Monday, January 28, 2013

Opinion: Notion of hazing as part of team bonding antiquated

By Kyle Baillie

The word “hazing” often makes people think the worst (their imaginations usually aided by Hollywood storylines), and commenting on situations like that of the Dalhousie University Women’s Hockey team is not to be taken lightly. Hazing situations like this are often layered with complexities, veils of misinformation and perceived issues of loyalty that evoke strong emotional responses from both the people involved and the public.

One thing we can all agree on is that hazing is not a healthy or positive experience for any team or individual. Along with bullying, hazing has become a topic of hot discussion. However, what is not being discussed is how to prevent hazing in the first place.

One of the problems is that as Canadians, we have generally taken a laissez-faire approach to institutionalized hazing. In contrast, many American states have made hazing a criminal offense – a significant deterrent in and of itself. Additionally, intercollegiate sports agencies in the U.S., notably the NCAA, have reacted strongly against hazing, going as far as creating policies and educational programs to prevent it. We have yet to take such steps in Canada, and so the issue of hazing prevention is often left to individual organizations or institutions.

But while it is easy to adopt a zero-tolerance policy on hazing, enforcement without education and an examination of organizational culture and values is half-hearted at best. We need to start asking ourselves: Why do teams haze new members? How can we appropriately socialize the next generation of student athletes? Can’t we do better?

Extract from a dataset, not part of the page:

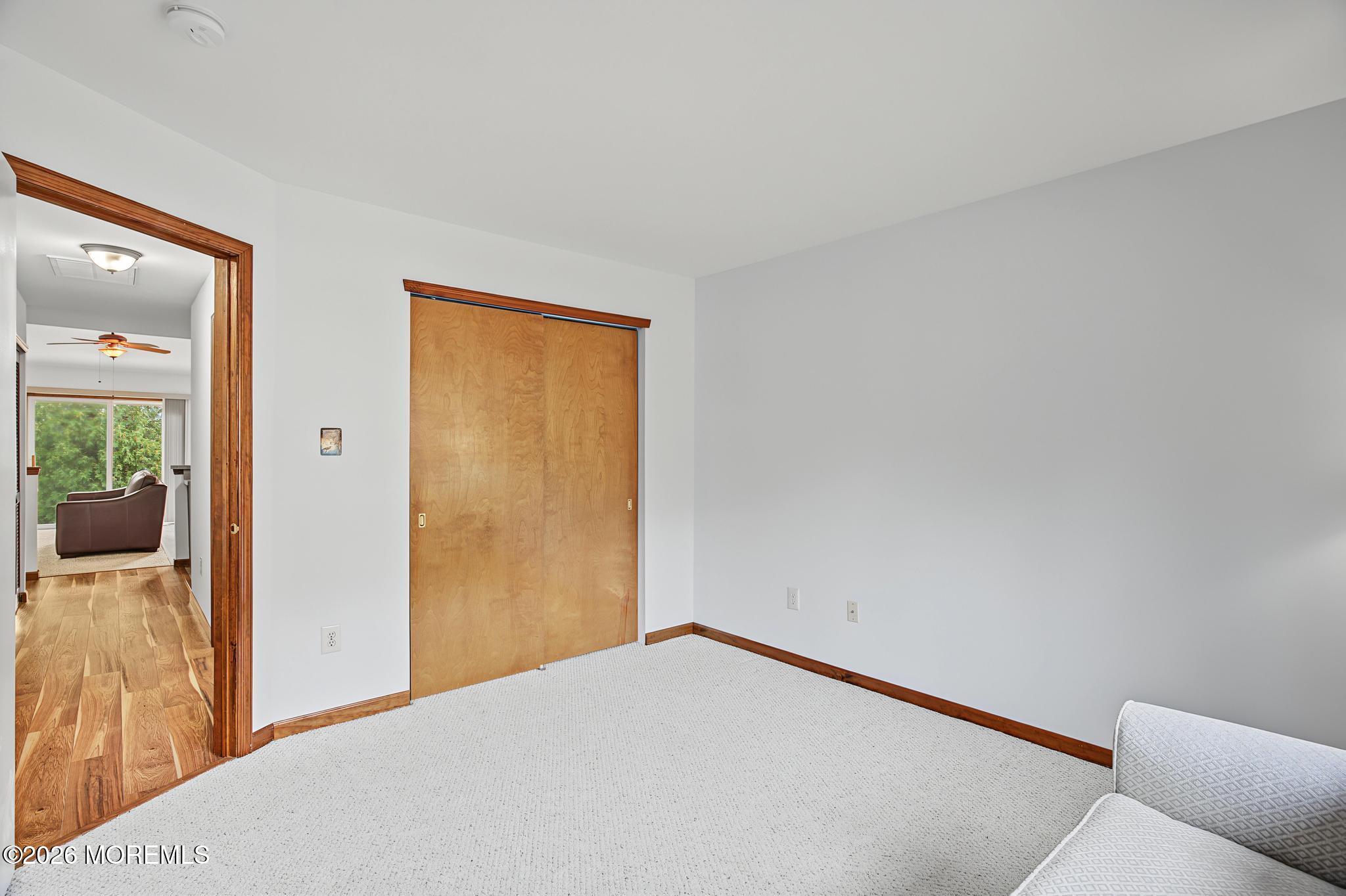 40 Pebble Beach Lane Little Egg Harbor NJ 08087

The answer is we can do better, and we must. It needs to start with the administration and be a constant and consistent message from coaches to players. Hazing prevention starts with culture and values. Hazing is only acceptable if the culture allows it.

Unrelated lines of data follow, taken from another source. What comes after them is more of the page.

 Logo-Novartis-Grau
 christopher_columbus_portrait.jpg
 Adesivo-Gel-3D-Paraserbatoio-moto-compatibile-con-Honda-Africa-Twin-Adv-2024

At Douglas College we value new members and treat them the way we want to be treated. We don’t accept the antiquated notion that hazing is a form of team bonding or development. Our Royals rites of passage include volunteering at college and community functions, running youth clinics in the local community, spending countless hours in study hall and on the team bus, team lunches and dinners, hard practices and games where we give everything we have and a little more.

Our values include honouring each other and what we each bring to the team to make it unique. We value sacrificing ourselves for our teammates. We hold each other accountable, and when we accomplish great things together, we celebrate.

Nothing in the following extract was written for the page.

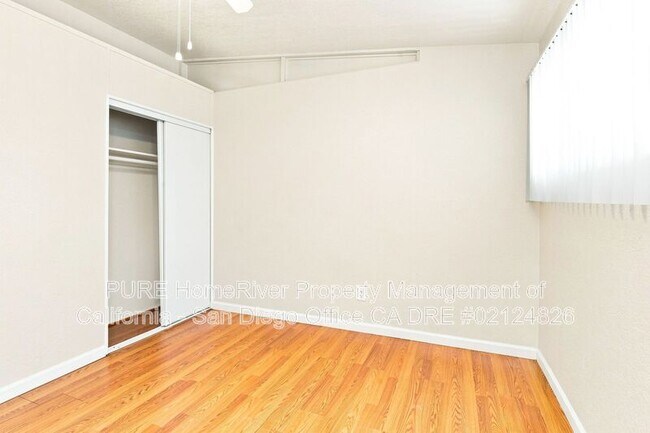 Building Photo - 1066 Cuyamaca Ave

Hazing is what happens in the absence of true team development and growth. It is the product of a lack of culture and values that would provide something more substantial to student athletes. By setting clear expectations, creating a culture that reinforces positive behaviour and development, and sharing values, we can eliminate the circumstances that tacitly permit and encourage hazing.

Kyle Baillie is the Director of the Centre for Campus Life and Athletics at Douglas College.